The other most beautiful element of this production was the way that it presented the brutal expected parts of the story in totally surprising primitive ways. The one that sticks out most to me is the ultimate showdown between the two foils when you see these two strapping, rough men look at each other with rage and you can just feel that the fists are going to come up and we are going to be off and running with a bout of stage pugilism – – but what happened next took my breath away. As the two men approached each other with blood in their eyes, with full exception of black eyes at best – the two men locked lips and had the most brutal, primitive, anamilstic kiss that you can image. It hurt MORE then if the two men had simply thrown blows at each other – totally unexpected, totally upsetting and unnerving and totally right for the moment. BIG artistic risks from the director with a BIG payoff!
The other example of “oppositional staging” was the end of the show when the family essentially explodes as the ultimate predictable deal between the patriarch and the man he betrayed plays out in the expected murder. As the family gathered in the living room (white square) and the murderer entered – one expected the normal fight to the death – but what you saw on stage was a family (good guys and bad guys) all together hugging each other tightly into a ball in the center of the stage. This family was not exploding it was imploding the aftermath was even more devastating. Brilliant, unexpected, unconventional staging!

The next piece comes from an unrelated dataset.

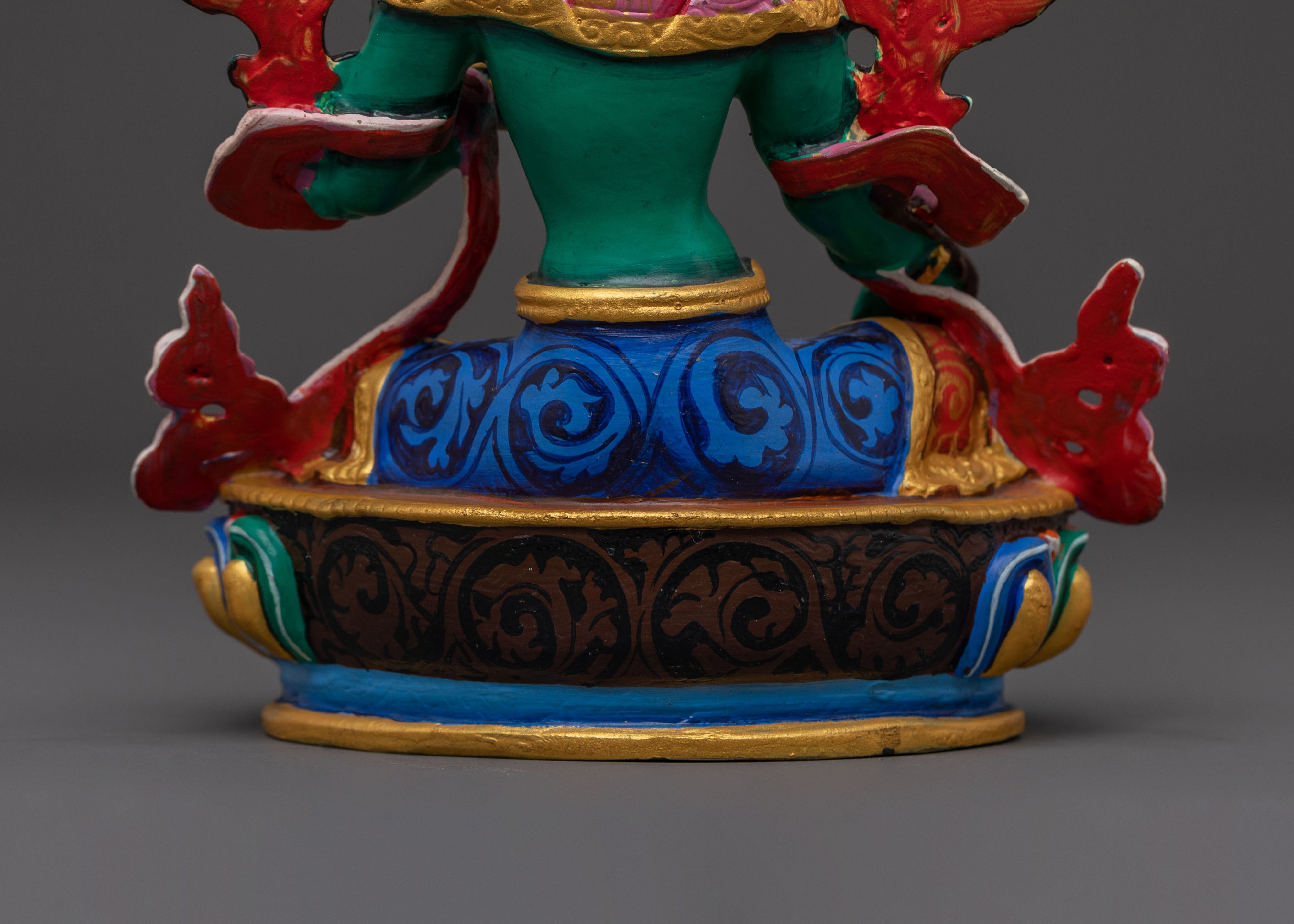 Green Tara Statue with Acrylic Paintings: Goddess of Compassion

And now the part I hated. Every single moment on stage was accompanied by rather ominous movie-like scoring. The music rose each and every moment of the piece. I felt as though the director did not trust his MOST capable actors into creating the mood and rather imposed it with the heavy handed music he played. Then it got worse – as the play was reaching it conclusion and tension was reaching its climax the water dripping started. The loud repetitive amplification of water dripping popped in and out of every blessed pause. Once or twice it would have been effects, perhaps, but used this often it became the genuine water torture. (I now understand how simply dripping water can get any spy to confess.) Why the dripping sound? Why the full orchestration under the play? Why the over-the-top recorded Italian opera at the end? You stripped the setting of all its extraneous nonsense – couldn’t you have done the same thing with the sound. White square – brilliant directing – gritty acting – and no sound effects. How sweet it might have been done! And for anyone who has actually seen the show – didn’t it make you want to reconsider the next shower you take? – don’t want to say more – buy your ticket and bring your ear plugs.